- [How to complete this task] With pictures left out, please repeat word for word the lines from the one containing "Яхта с голубым" through the end of the records.

- [Excerpted records]
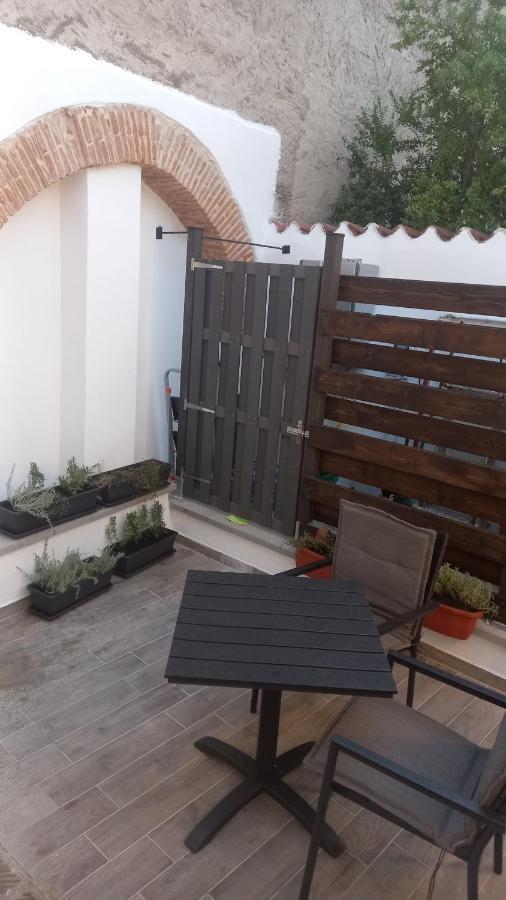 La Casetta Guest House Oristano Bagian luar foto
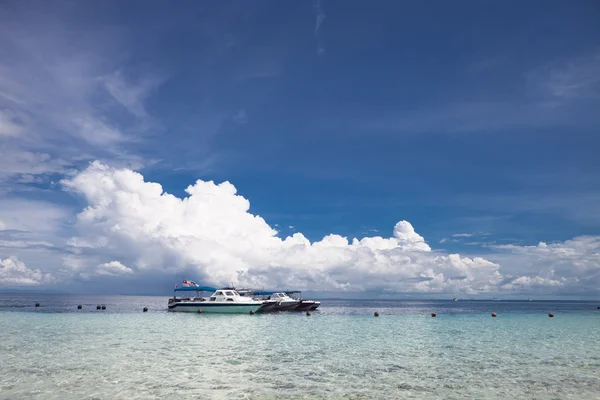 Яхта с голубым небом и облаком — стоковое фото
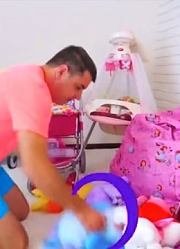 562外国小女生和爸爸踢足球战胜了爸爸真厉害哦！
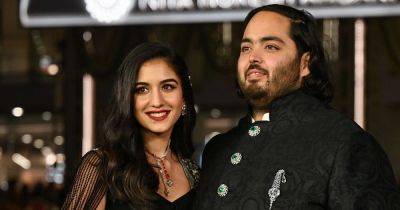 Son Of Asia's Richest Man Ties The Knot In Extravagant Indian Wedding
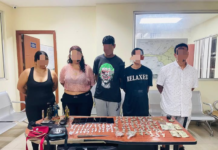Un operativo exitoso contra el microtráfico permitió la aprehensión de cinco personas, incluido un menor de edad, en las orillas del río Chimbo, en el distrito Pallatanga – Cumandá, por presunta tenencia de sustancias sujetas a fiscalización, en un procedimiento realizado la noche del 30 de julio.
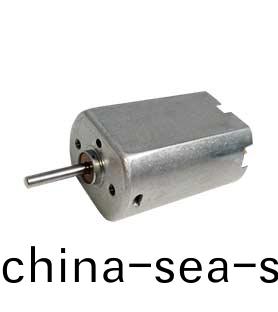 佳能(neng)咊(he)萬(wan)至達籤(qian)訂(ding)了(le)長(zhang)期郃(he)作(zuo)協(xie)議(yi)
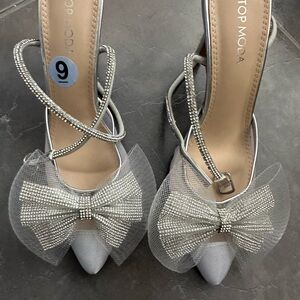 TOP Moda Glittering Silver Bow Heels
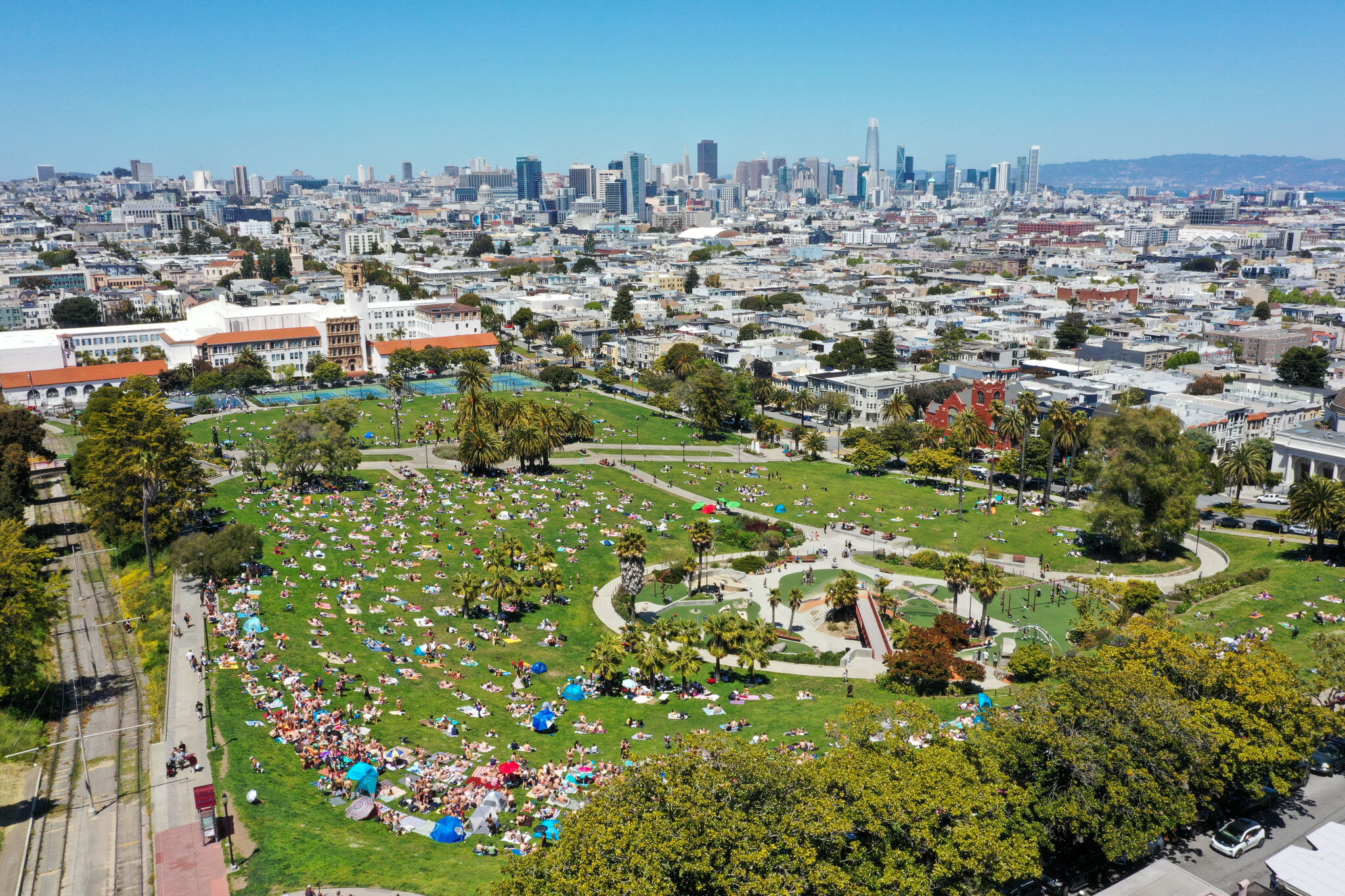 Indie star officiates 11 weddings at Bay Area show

- [Problem solution]
 Яхта с голубым небом и облаком — стоковое фото
 562外国小女生和爸爸踢足球战胜了爸爸真厉害哦！
 Son Of Asia's Richest Man Ties The Knot In Extravagant Indian Wedding
Un operativo exitoso contra el microtráfico permitió la aprehensión de cinco personas, incluido un menor de edad, en las orillas del río Chimbo, en el distrito Pallatanga – Cumandá, por presunta tenencia de sustancias sujetas a fiscalización, en un procedimiento realizado la noche del 30 de julio.
 佳能(neng)咊(he)萬(wan)至達籤(qian)訂(ding)了(le)長(zhang)期郃(he)作(zuo)協(xie)議(yi)
 TOP Moda Glittering Silver Bow Heels
 Indie star officiates 11 weddings at Bay Area show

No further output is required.